> Data
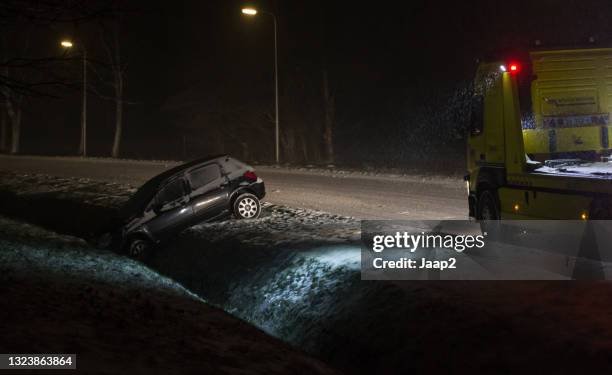 rescue worker helping car after sliding into a ditch on a snowy road at nighttime - ditch stock pictures, royalty-free photos & images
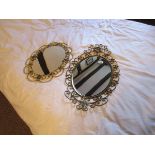 2 gilt 'curly' metal framed mirrors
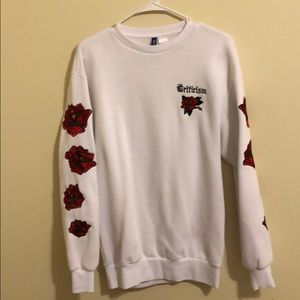 Criticism long sleeved sweatshirt with roses.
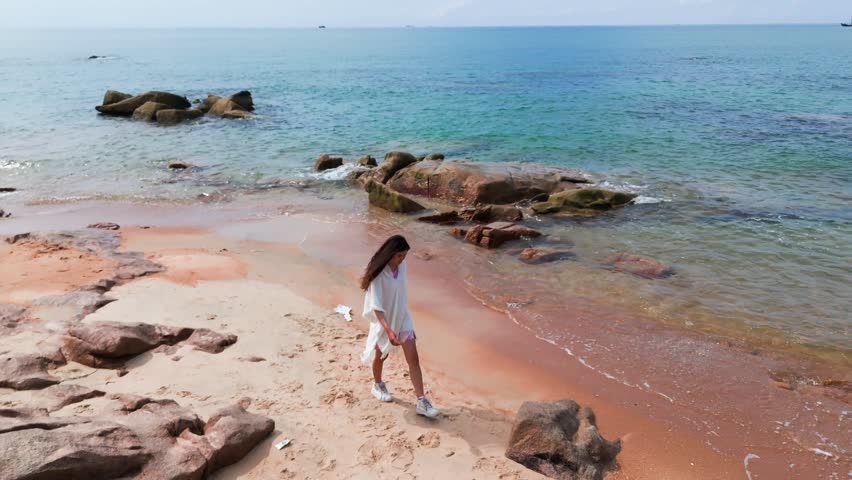 Areal view of a girl that is walking on the beach in Vietnam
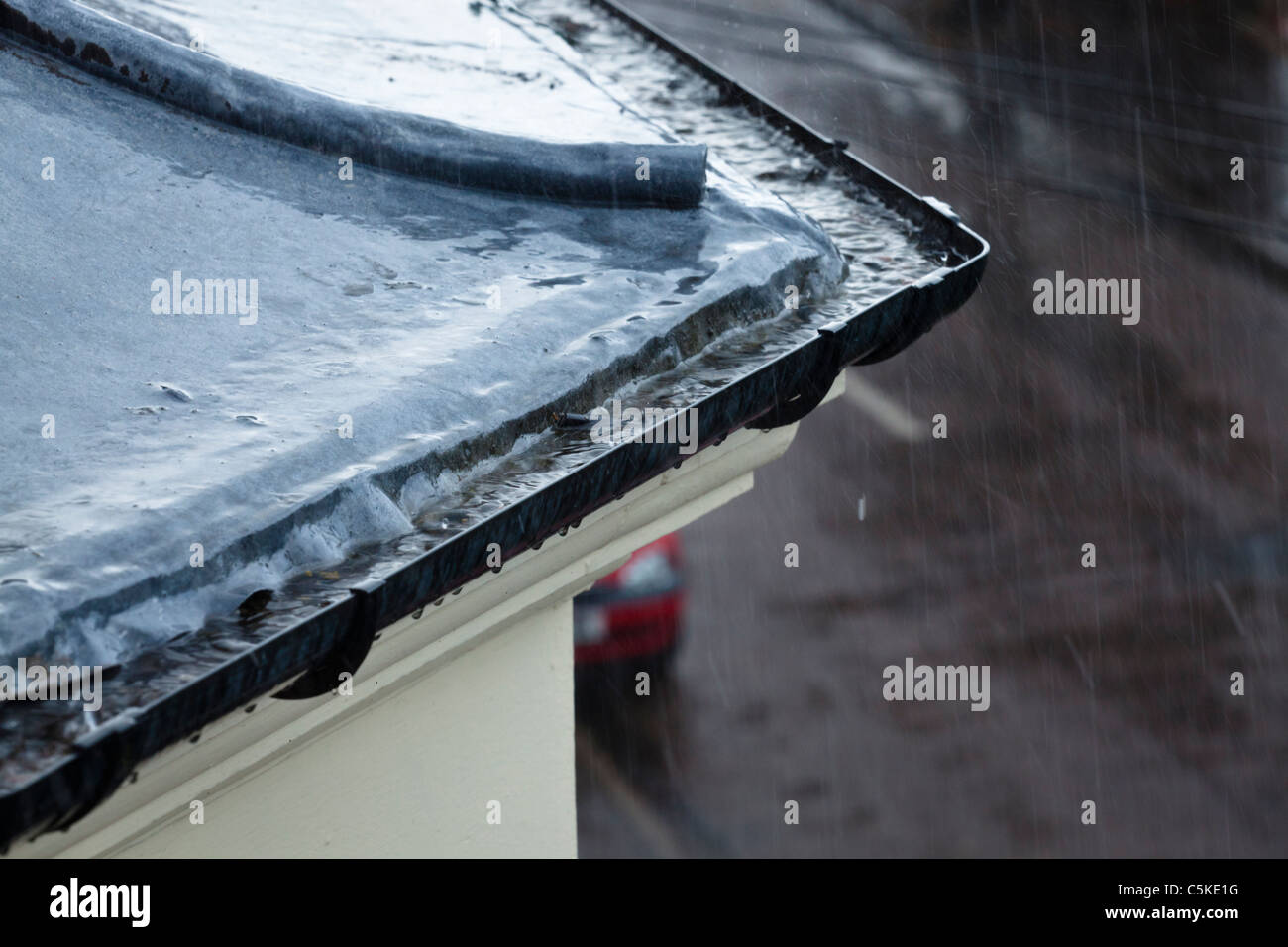 Par temps humide. La forte pluie qui tombe sur un toit et gouttières dans une rue avec en arrière-plan, Lancashire, England, UK Banque D'Images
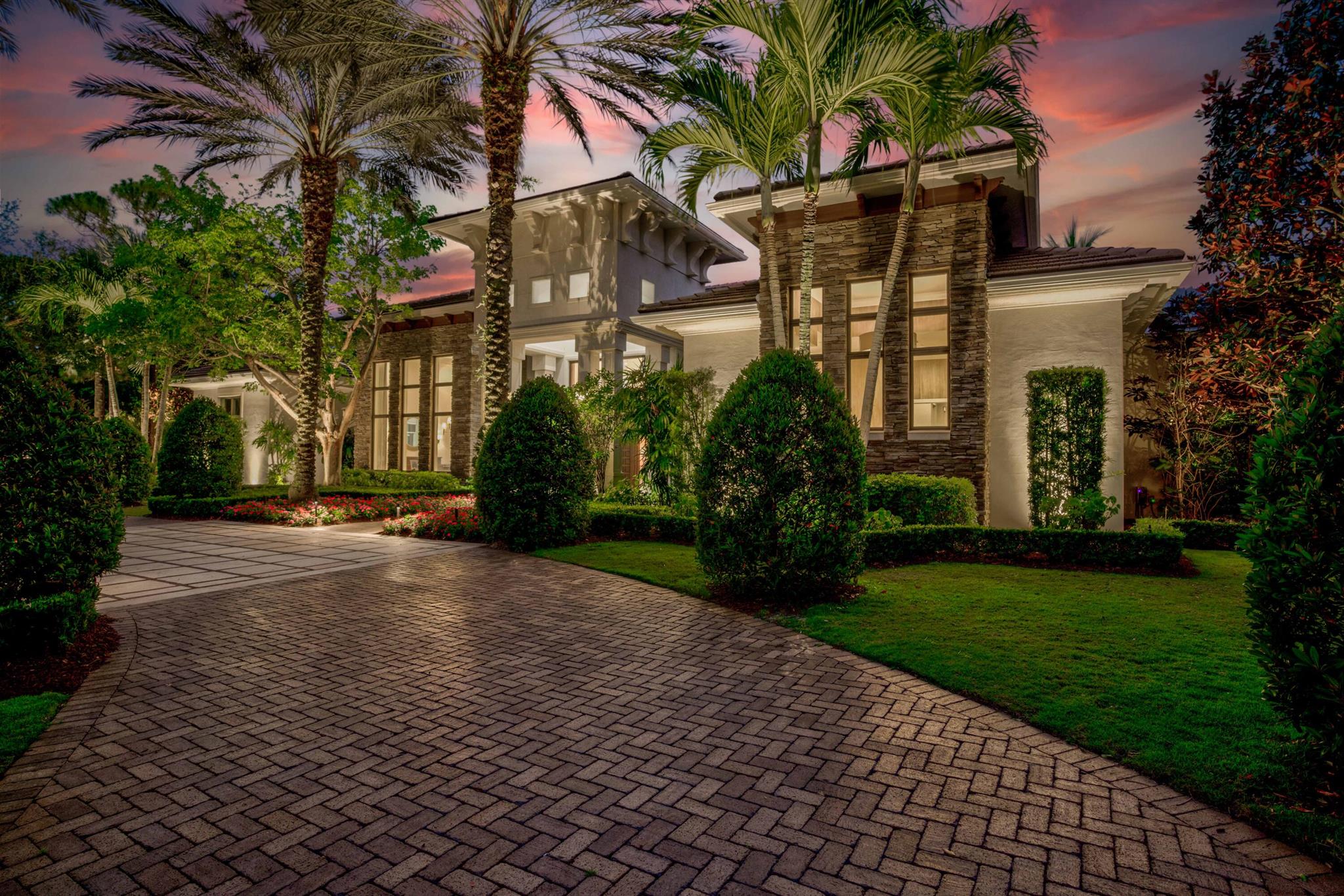 This secluded, single-story custom luxury home is situated on one of the most coveted streets in Old Palm Golf Club, where each homesite spans a full acre. Positioned at the end of a cul-de-sac and backing onto one of Old Palm's private nature preserves, this residence enjoys one of the finest lots in the community. Old Palm Golf Club, an exclusive gated enclave in Palm Beach Gardens, features a newly renovated Raymond Floyd Signature golf course, an upgraded clubhouse, and a state-of-the-art 20,000-square-foot lifestyle center. Club amenities include a new fitness center, spa, resort-style pool, lap pool, fine dining, sports bar, and guest casitas. All these exceptional features are just moments from your doorstep. This is a very private lot with a backyard oasis that faces due south, ideal for southern exposure. There is an extra large covered logia that includes a full outdoor kitchen with a gas grill, ice maker, and bar that seats seven, a dining space, and a living room space in front of a fireplace with a television above.  Walk off the covered space to a custom heated pool and spa with a tranquil rock waterfall and relax by the firepit with your favorite glass of red under the stars, or enjoy the 1,100sf synthetic turfed putting green and synthetic chipping stations strategically placed around the yard. With over an acre of land and large fenced in backyard of zoysia grass, there is ample entertainment for everyone at this perfect recreational venue.  

The grounds themselves are absolutely stunning! Every attention to detail has been paid to this meticulous landscape package. Lazy oaks and magnolias adorn the front yard, giving the front elevation a modern low country feel. In the evenings, the landscape comes alive with a new, state-of-the-art low voltage system of lights that turns this backyard into pure paradise. Perfectly positioned flowers, annuals, and shrubbery finish the look and give this home the feel of a perfectly manicured estate.

The home's interior is modern, spacious and open. There is a lot of natural light with the oversized sliding glass windows and doors that are all impact. The custom ceiling details feature a combination of fine crafted level 5 drywall coffers and solid maple and mahogany beams. The millwork package is second to none, and this home's additional spaces include a study, gym, custom fireplace, wine room and a home theater with upgraded electronics. Equally as impressive is the large open kitchen with double islands, double sinks, double dishwashers, professional grade Thermador appliances, a reverse osmosis water filtration system, quartz counters and custom wood cabinetry. Just off the kitchen and family room is the wet bar, perfect for entertaining inside and out including both an icemaker and wine refrigeration. Music can be played throughout this beautiful home with the included Sonos Wi-Fi controlled sound system. 

For those who love to entertain overnight guests, this residence features a true guest wing with a private entrance, formal living room, breakfast bar and 3 private guest suites, each with its own full guest bath. 

Both the the living room and kitchen have just been totally refurbished and updated. The roof is brand new, the washer/dryer, ice makers, and the outdoor refrigerator are new, 4 A/C units were installed in 2022, tankless water heaters and a water filtration system also installed in 2022, and new interior and exterior paint throughout that embraces the entire home. New low voltage landscape lighting encompasses the entire property, plus new landscaping, and all new epoxy garage floors.  If the power goes out, do not despair. This home is backed up with a full house Generac Generator. 

The Old Palm Golf Club membership is available, but not mandatory for this home. Look no further... you have found paradise!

> Problem to solve
Above are the records; repeat their lines from the first through the line containing "This secluded, single-story", and leave out each picture.

> Your response
 rescue worker helping car after sliding into a ditch on a snowy road at nighttime - ditch stock pictures, royalty-free photos & images
 2 gilt 'curly' metal framed mirrors
 Criticism long sleeved sweatshirt with roses.
 Areal view of a girl that is walking on the beach in Vietnam
 Par temps humide. La forte pluie qui tombe sur un toit et gouttières dans une rue avec en arrière-plan, Lancashire, England, UK Banque D'Images
 This secluded, single-story custom luxury home is situated on one of the most coveted streets in Old Palm Golf Club, where each homesite spans a full acre. Positioned at the end of a cul-de-sac and backing onto one of Old Palm's private nature preserves, this residence enjoys one of the finest lots in the community. Old Palm Golf Club, an exclusive gated enclave in Palm Beach Gardens, features a newly renovated Raymond Floyd Signature golf course, an upgraded clubhouse, and a state-of-the-art 20,000-square-foot lifestyle center. Club amenities include a new fitness center, spa, resort-style pool, lap pool, fine dining, sports bar, and guest casitas. All these exceptional features are just moments from your doorstep. This is a very private lot with a backyard oasis that faces due south, ideal for southern exposure. There is an extra large covered logia that includes a full outdoor kitchen with a gas grill, ice maker, and bar that seats seven, a dining space, and a living room space in front of a fireplace with a television above.  Walk off the covered space to a custom heated pool and spa with a tranquil rock waterfall and relax by the firepit with your favorite glass of red under the stars, or enjoy the 1,100sf synthetic turfed putting green and synthetic chipping stations strategically placed around the yard. With over an acre of land and large fenced in backyard of zoysia grass, there is ample entertainment for everyone at this perfect recreational venue.  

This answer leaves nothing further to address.